For a relatively smaller company in the global context, Proton needs a foreign partner that will help with its research and development (R&D) and improve its scale of production. Actually, Proton started out in 1983 as a partnership with Mitsubishi. However, as Proton was profiting in the 90s (in fact reached its peak market share of 73 percent), they began to slowly reduce Mitsubishi’s equity.

While the people were rejoicing, Proton and their suppliers were facing problems with their quality, and not many experts were around to help them. Fast forward to 2016, Proton is solving fundamental quality problems that existed 15 years ago.

Perodua began a similar journey 10 years after Proton, through a partnership with Daihatsu. In 2001, Perodua strengthened their alliance with Daihatsu by maintaining their equity as the holding company and sales, but allowed Daihatsu to take a majority stake in its manufacturing plant. The results speak for themselves, within five years Perodua emerged as the bestselling model in Malaysia, commanding 32 percent of the market share.

Here’s where Proton went wrong - they kept telling themselves that doing things on their own was what kept it truly Malaysian. They removed the opportunity to learn from a more experienced company.

Secondly, Perodua isn’t troubled with legacy issues but the same cannot be said for Proton. In fact Proton is actually still paying the price of its previous mistakes.

For instance, it was reported that Proton has spent about RM4 billion to date to revitalise Lotus. This is a huge financial liability for the national carmaker and one wonder what benefit does it actually getting from this partnership.

Furthermore, Proton made a mistake by venturing into the Electric Vehicle (EV) project about five years ago. From the total of RM200 million worth of assistance committed, it was claimed that the government had provided about half of that amount, but Proton failed to achieve its deliverables. Proton’s ambitious of producing its first EV car by 2014 remains nowhere near completion.

Better market positioning

Thirdly, Perodua’s market positioning is better than Proton. They focused mainly on entry level cars with lower engine capacities. Their marketing was consistent, and their pricing structure was attractive to the relevant target segment.

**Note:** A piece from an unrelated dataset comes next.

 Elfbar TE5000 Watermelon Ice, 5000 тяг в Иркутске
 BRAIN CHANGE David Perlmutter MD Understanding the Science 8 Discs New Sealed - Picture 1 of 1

Perodua Axia for example was introduced as Malaysia’s first Energy Efficient Vehicle (EEV). They didn’t bother with leather seats or surround sound speakers, but added safety as a bonus for their customers, a four-star Asean NCAP rating. The car had minimal quality issues, and came at a lowest price ever seen in Malaysia - a starting price of RM24,800!

Sales orders started coming way before the Axia was launched, and customers didn’t mind waiting six months. Why? Simply because it was too good a deal to miss.

Let’s contrast this to Proton’s market positioning, which to be honest, we’re still clueless what that is. There was a time when Proton had four models - Waja, Gen2, Persona and the Preve, competing in pretty much the same segment. They have tried to go cheap, with the Saga BLM, but even that didn’t work out as it came with a fuel consuming engine.

Notably, Proton may have made some mistakes in the past, but its future now lies in the new management team. Their business model needs a total revamp and Proton cannot depend on public funding forever.

Proton must swallow its pride and learn from a more successful model like Perodua.

There were talks some years ago that there could be a merger between Proton and Perodua. It doesn’t seem like a bad idea - a merger will improve their market share up to 50 percent and allow them to combine their expertise to produce better car models.

More importantly, all vendors will definitely be happier with the merger. Improved sales will mean more opportunities for them.

Who knows maybe, just maybe the merger could be the answer that will bring our national cars to their glory days?